Rapid plasticity of binocular connections in developing monkey visual cortex (V1).

The basic sets of cortical connections are present at birth in the primate visual system. The maintenance and refinement of these innate connections are highly dependent on normal visual experience, and prolonged exposure to binocularly uncorrelated signals early in life severely disrupts the normal development of binocular functions. However, very little is known about how rapidly these changes in the functional organization of primate visual cortex emerge or what are the sequence and the nature of the abnormal neural events that occur immediately after experiencing binocular decorrelation. In this study, we investigated how brief periods of ocular misalignment (strabismus) at the height of the critical period alter the cortical circuits that support binocular vision. After only 3 days of optically imposed strabismus, there was a striking increase in the prevalence of V1 neurons that exhibited binocular suppression, i.e., binocular responses were weaker than monocular responses. However, the sensitivity of these neurons to interocular spatial phase disparity was not significantly altered. These contrasting results suggest that the first significant change in V1 caused by early binocular decorrelation is binocular suppression, and that this suppression originates at a site(s) beyond where binocular signals are initially combined.

Effects of the duration of early strabismus on the binocular responses of neurons in the monkey visual cortex (V1).

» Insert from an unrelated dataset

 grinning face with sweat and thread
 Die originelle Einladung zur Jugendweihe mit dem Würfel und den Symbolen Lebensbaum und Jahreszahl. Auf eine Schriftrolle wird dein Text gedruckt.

PURPOSE: To determine how the duration of early strabismus influences the severity of loss of disparity sensitivity in V1 neurons and the effects of extensive poststrabismus visual experience on the maintenance of functional binocular connections. METHODS: Concomitant strabismus was optically simulated in 10 rhesus monkeys using a prism-rearing procedure. The onset of strabismus was kept constant at 4 weeks of age and the duration was maintained for 2, 4, or 8 weeks. In one group of monkeys (infants), the neurophysiological experiments were conducted immediately after the period of rearing with prisms. In another group (adults), after the termination of the prism-rearing regimen at either 8 or 12 weeks of age, the monkeys were kept in a normal housing environment until maturity and behavioral testing was conducted before the recording experiments to determine the animal's monocular and binocular visual capacities. To assess the effects of the period of early strabismus on binocular interactions in V1, extracellular single-unit recording methods were used in anesthetized and paralyzed monkeys, and dichoptic sine-wave gratings were used as stimuli. RESULTS: In all strabismic monkeys, the sensitivity of V1 units to interocular spatial phase disparity (disparity sensitivity) was significantly reduced, and the prevalence of binocular suppression was higher than that found in age-matched control animals. Although 8 weeks of strabismus resulted in a slightly larger loss of disparity sensitivity, the overall effects of the duration of strabismus were surprisingly small in infant strabismic monkeys. After poststrabismus visual experience, a small but significantly higher degree of disparity sensitivity was noted in V1 if prism-rearing was terminated after 4 weeks of strabismus (i.e., at 8 weeks of age), but not after 8 weeks of strabismus (i.e., at 12 weeks of age). CONCLUSIONS: A brief period (2 weeks) of misalignment after the emergence of stereopsis is sufficient to drastically reduce the functional binocular connections in V1, and longer periods of strabismus result in little additional loss in disparity sensitivity. Clinically, these results suggest that taking corrective measures for infantile esotropes before the known onset age for stereopsis may be important for maintaining better binocular sensory function and better interocular alignment at later stages of development.